In 2013, Bieber launched his online #GiveBackPhilippines campaign for helping the victims of Typhoon Haiyan and travelled to the Philippines after raising $3 million. His work in the country earned him a star on the Philippine Walk of Fame. He also supports Children's Miracle Network Hospitals and Alzheimer's Association. In September 2017, Bieber donated $25,000 to the American Red Cross to help people in Texas after the severe destruction caused by Hurricane Harvey.

On February 7, 2020, Bieber donated $100,000 to Julie Coker, a 22-year-old fan who works in mental health awareness. Coker revealed that her own past struggles with mental health motivated her to work for mental health. She praised Bieber by saying, “[Bieber] has a big following, so if he has a good message about mental health, hopefully everybody else . . . will want to start thinking about mental health in a different way.”

In February 2020, Bieber made a donation to Beijing Chunmiao Children Aid Foundation in China to support COVID-19 relief. Bieber and Ariana Grande collaborated on the single "Stuck With U", released in May 2020 as the first of series of singles coordinated by entertainment executive Scooter Braun, who is also Bieber's manager, to support the COVID-19 pandemic. All net proceeds from the song went to the First Responders Children's Foundation to fund grants and scholarships for children of first responders and health care workers who worked on the front lines during the pandemic. By August 2021, the single had raised over $3,500,000. In September 2020, Bieber and Chance the Rapper announced that they've partnered with Cash App and will donate $250,000 to fans who are struggling during the pandemic.

In March 2021, Bieber visited the California State Prison in Los Angeles County along with his wife Hailey and pastor Judah Smith at the invitation of Scott Budnick. Bieber met with inmates involved in The Urban Ministry Institute and expressed support for Budnick's Anti-Recidivism Coalition. During the visit, Bieber committed to provide buses to transport relatives of the inmates who have been unable to see them due to the COVID-19 pandemic in California.
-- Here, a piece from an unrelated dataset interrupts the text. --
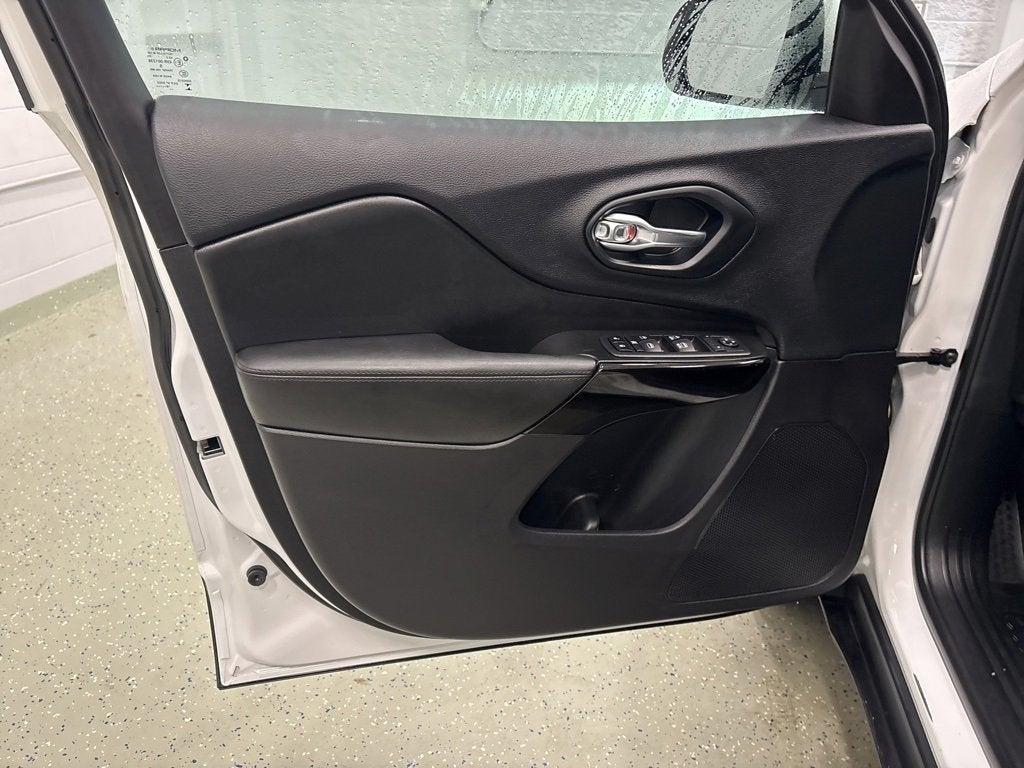 used 2019 Jeep Cherokee car, priced at $18,999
Bieber described his visit to the prison as a "life-changing experience that I will never forget".

Legal issues and controversies
Bieber had several run-ins with the law around the world before his first arrest in 2014, including when he was accused of reckless driving in his neighbourhood in 2012, and charged in Brazil with vandalism in 2013. One of his neighbours in Calabasas, California, accused Bieber of throwing eggs at his home on January 9, 2014, and causing thousands of dollars of damage. On January 23, 2014, Bieber was arrested in Miami Beach, Florida, together with singer Khalil, on suspicion of driving under the influence (DUI), driving with an over six month expired license, and resisting arrest without violence. Police said that Bieber told authorities he had consumed alcohol, smoked marijuana, and taken prescription drugs. He was released from these charges on a $2,500 bond. A toxicology report revealed that Bieber had THC (a principal constituent of cannabis) and the anti-anxiety medication Xanax in his system at the time of his arrest. However, in January 2021, he reflected on this event, describing it as "not [his] finest hour" and encouraging fans to "let the forgiveness of Jesus take over and watch your life blossom into all that God has designed you to be."

Following Bieber's arrest on the DUI charge, more than 270,000 people petitioned the White House seeking to have him deported from the United States. Although the number of signatures received was sufficient to require a response under published White House guidelines, the Obama Administration declined substantive comment on the petition. Immigration Law expert Harlan York noted that the likelihood of Bieber being deported was extremely slim. York stated, "About a decade ago, the Supreme Court ruled that driving under the influence, typically, is not a basis to deport someone."

In April 2013, Bieber was criticized for writing a message in the guestbook at the Anne Frank House which read, "Truly inspiring to be able to come here. Anne was a great girl. Hopefully she would have been a belieber." After the message was posted on the museum's Facebook page, Bieber received widespread criticism on social media for perceived insensitivity and narcissism. The Anne Frank House defended Bieber, stating, "He's 19. It's a crazy life he's living, he didn't mean bad [...] He was very interested in the story of Anne Frank and stayed for over an hour. We hope that his visit will inspire his fans to learn more about her life and hopefully read the diary."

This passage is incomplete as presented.